Both the GLM and robust GLM recover two AoAs that are below zero, which is logically impossible (*mommy* and *daddy* are both presumed learned before birth). In contrast, the priors of the Bayesian GLM regularize these AoAs to be `r roundp(filter(aoas, definition == "mommy*", measure == "Bayesian GLM")$aoa, 0)` and `r roundp(filter(aoas, definition == "daddy*", measure == "Bayesian GLM")$aoa, 0)` months respectively. Further, the Bayesian GLM estimates `r roundp(mean(filter(aoas, measure == "Bayesian GLM")$aoa >30) * 100, 0)`% of AoAs above 30 months (the max value in the data), while the other two methods estimate slightly fewer: `r roundp(mean(filter(aoas, measure == "GLM")$aoa >30) * 100, 0)`% and `r roundp(mean(filter(aoas, measure == "Robust GLM")$aoa >30) * 100, 0)`% respectively. These Bayesian GLM results strike us as more reasonable than those returned by the other methods (although they only affect a small minority of words).

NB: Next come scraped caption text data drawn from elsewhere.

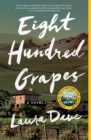 Image for Eight Hundred Grapes: A Novel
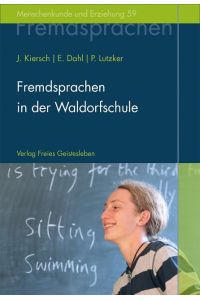 Fremdsprachen in der Waldorfschule  - Rudolf Steiners Konzept eines ganzheitlichen Fremdsprachenunterrichts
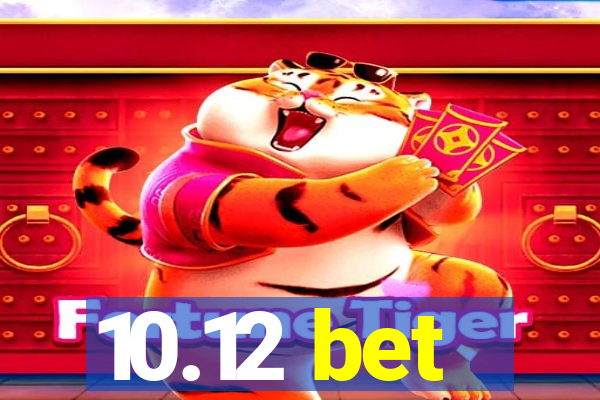 10.12 bet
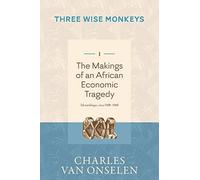 THE MAKINGS OF AN AFRICAN ECONOMIC TRAGEDY - Volume 1/Three Wise Monkeys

```{r appaoa-compare-dist, fig.cap="Histogram of English (American) age of acquisition values as estimated via a variety of statistical methods (panels).", fig.height=6}
ggplot(aoas, aes(x = aoa)) +
  facet_wrap(~measure) +
  geom_histogram(binwidth = 1) +
  labs(x = "Age of acquisition", y = "Count")
```

To further validate the Bayesian GLM approach, we tested the accuracy of the method in recovering AoAs for much smaller datasets. We did this by taking a subsample of only 100 children from the full English (American) WS dataset. We then fit standard and Bayesian GLMs to this sparse subsample. The resulting AoA estimates are plotted in Figure \@ref(fig:appaoa-sparsity). The Bayesian GLM shows the same minor bias to lower AoAs for hard words that the regular GLM does (a slightly below-diagonal slope), but the GLM shows noisier estimates for the earliest and (especially) the latest-learned words, suggesting that the regularization from the prior values in the Bayesian model is allowing it to deal with sparse data more effectively.

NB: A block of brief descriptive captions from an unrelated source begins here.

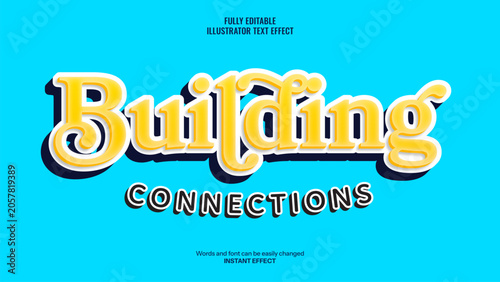Building Connections Yellow 3D Text Effect Editable Typography Vector Template Design Layout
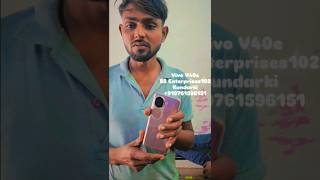 Vivo V40e SS Enterprises102 Kundarki 919761596151 phone smartphoneunboxing samsungcomputermonito [upl. by Atinrahs]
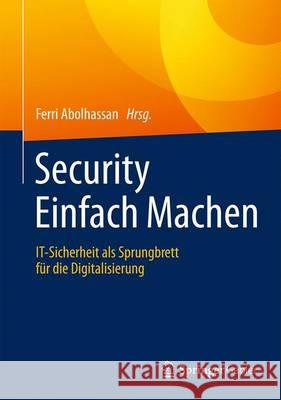 Security Einfach Machen: It-Sicherheit ALS Sprungbrett Für Die Digitalisierung Abolhassan, Ferri 9783658149444 Springer Gabler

```{r appaoa-sparsity, fig.height=6, fig.cap="Recovered AoAs from a sparse subsample (100 children), plotted by the Bayesian GLM AoAs from the full dataset. Left panel shows standard GLM, right panel shows Bayesian GLM. Differences of AoA > 4 months between methods are labeled."}
set.seed(12)

ids <- eng_ws %>%
  group_by(data_id) %>%
  count %>%
  ungroup %>%
  sample_n(size = 100, replace = TRUE) %>%
  pull(data_id)

ms_sparse <- eng_ws %>%
  filter(data_id %in% ids) %>%
  group_by(definition, age, category) %>%
  summarise(prop = mean(value == "produces", na.rm = TRUE),
            num_true = sum(value == "produces", na.rm = TRUE),
          num_false = sum(value != "produces", na.rm = TRUE),
            n = sum(c(num_true,num_false))) %>%
  filter(!is.na(category))

bglm_aoas_sparse <- ms_sparse %>%
  split(.$definition) %>%
  map(fit_bglm) %>%
  bind_rows %>%
  rename(bglm_aoa_sparse = bglm_aoa, 
         bglm_slope_sparse = bglm_slope)

glm_aoas_sparse <- ms_sparse %>%
  split(.$definition) %>%
  map(fit_glm) %>%
  bind_rows %>%
  rename(glm_aoa_sparse = glm_aoa, 
         glm_slope_sparse = glm_slope)

aoas <- bglm_aoas %>%
  left_join(bglm_aoas_sparse) %>%
  left_join(glm_aoas_sparse) %>%
  select(definition, bglm_aoa, glm_aoa_sparse, bglm_aoa_sparse) %>%
  gather(model, aoa_sparse, glm_aoa_sparse, bglm_aoa_sparse) %>%
  mutate(model = model %>%
           fct_relevel("glm_aoa_sparse", "bglm_aoa_sparse") %>%
           fct_recode("GLM" = "glm_aoa_sparse",
                      "Bayes GLM" = "bglm_aoa_sparse"),
         definition = definition %>% str_remove("\\*"))

ggplot(aoas, aes(x = bglm_aoa, y = aoa_sparse)) +
  facet_wrap(~model) +
  coord_fixed() +
  geom_abline(linetype = .refline, colour = .grey) +
  geom_point(alpha = 0.3) +
  ggrepel::geom_label_repel(
    data = aoas %>% filter(abs(bglm_aoa - aoa_sparse) > 4),
    aes(label = definition), family = .font, size = 3
  ) +
  labs(x = "Full dataset AoA (Bayes GLM)", y = "Sparse dataset AoA")
```

In sum, our analyses here suggest that a Bayesian approach is useful for estimating AoA values.